Phillips defines four aspects that he then uses to organize his analysis of
naval developments - "impetus", the demand side;
"technology" and "resources", which constitute the the
supply side; and "setting", the environment in which these operated
and which shaped the outcome.
He provides a short introductory background on shipbuilding in Kievan and
Muscovite Russia over the centuries before Peter's reign. The general picture
is of ship building only in response to demands from
The author gives the most comprehensive description I have read of Peter's
actual education in naval practices during his tour in Holland and England. As
a result, the reader also learns quite a bit about the specifics of Dutch and
English ship building practices and the considerable differences between them.
Even having studied the Azov campaigns at some length from a military point of
view and knowing the importance Peter's small fleet played in the ultimate
successful outcome, I was surprised to learn of the massive size of the total
resources Peter devoted to the project. This is because, heretofore, I had only
counted the vessels that actually made it to Azov, not realizing the number
that were built, but did not reach the sea. Phillips provides dramatic evidence
of the scope of the ship construction program in the several appendices in
which he enumerates the ships by name, cost, and organizations or individuals
ordered to construct them.
The author chose well in limiting his time period for analysis. He brings the
story down to 1714 and the initial phase of the new naval construction program
on the Baltic, giving just enough of its origins to establish its relationship
to the first program on the Don.
One disconcerting habit to this reviewer is Philips' use of the term
"state" when describing the motivating power behind decisions to
allocate resources to ship building in general or to specific decisions
ordering construction of particular vessels. We read that even from Kievan
times the "state" had interests, exercised leadership or initiative,
sought this or that, had obligations, played a role, resorted to compulsion,
and the like. Yet within a few sentences we invariable find out that it was
actually the personal decision of one tsar or the other which generated the
program in question. For instance, Philips correctly writes, of Alexei
Mikhailovich, "The driving force from the outset was the personal
authority of the tsar marshaling the resources of the state bureaucracy."

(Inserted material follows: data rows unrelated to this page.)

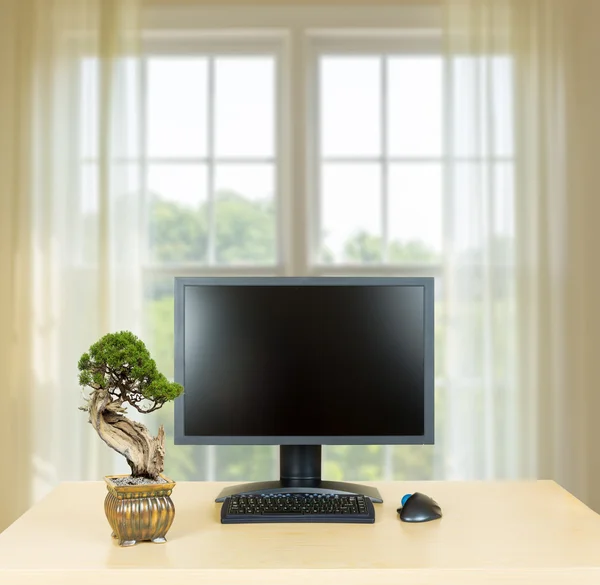 Pequeño árbol de bonsái en escritorio de oficina llano con monitor —  Fotos de Stock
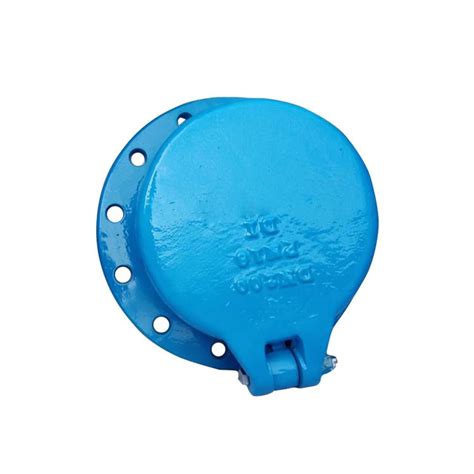 Ductile Iron Di 316 Stainless Steel Water Flap Check Valve With Flange Dn500 Pn10 China Flap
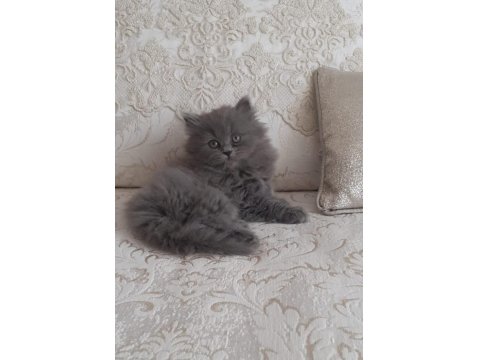 2 Aylık Oyuncu Sevecen Kedim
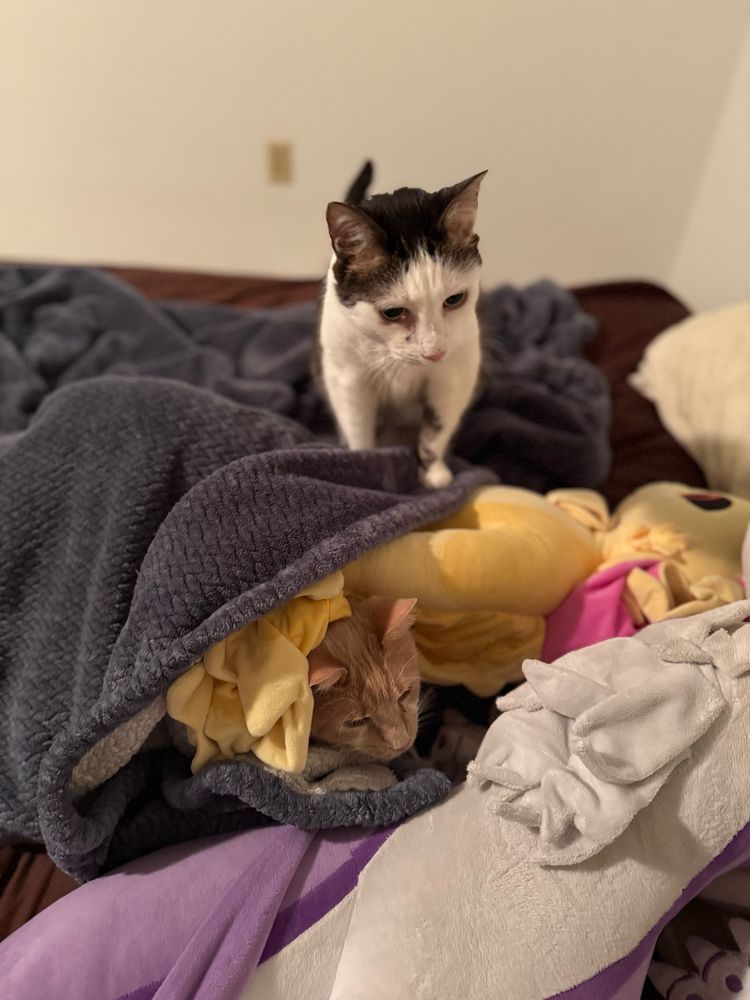 Karsyn stands on top of a space raptor plushie while his brother peeks out from the covers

But these clerks were the instruments of the tsar's personal bureaucracy.
It is my view that "state" is a concept, a relatively modern theory,
which was developed in western Europe as a means to provide legitimacy for the
new claims of "absolute" monarchs in opposition to those of their
aristocratic and urban opponents. It was not yet in vogue in Muscovy even by
the reign of Peter I, and certainly not those of his father and grandfather.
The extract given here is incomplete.